**About this exercise:** Please repeat the records below exactly, but only from the line that contains "Ежи Интересная Информация" onward, ending with the last line.
^^^^
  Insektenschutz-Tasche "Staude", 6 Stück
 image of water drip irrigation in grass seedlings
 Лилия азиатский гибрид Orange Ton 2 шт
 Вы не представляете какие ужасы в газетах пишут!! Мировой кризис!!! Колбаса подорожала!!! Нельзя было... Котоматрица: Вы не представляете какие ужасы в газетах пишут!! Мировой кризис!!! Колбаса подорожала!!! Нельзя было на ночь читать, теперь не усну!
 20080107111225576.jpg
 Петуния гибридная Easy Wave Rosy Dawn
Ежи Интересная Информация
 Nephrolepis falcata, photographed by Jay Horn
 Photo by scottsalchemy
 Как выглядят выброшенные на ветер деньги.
^^^^
**Answer:**
Ежи Интересная Информация
 Nephrolepis falcata, photographed by Jay Horn
 Photo by scottsalchemy
 Как выглядят выброшенные на ветер деньги.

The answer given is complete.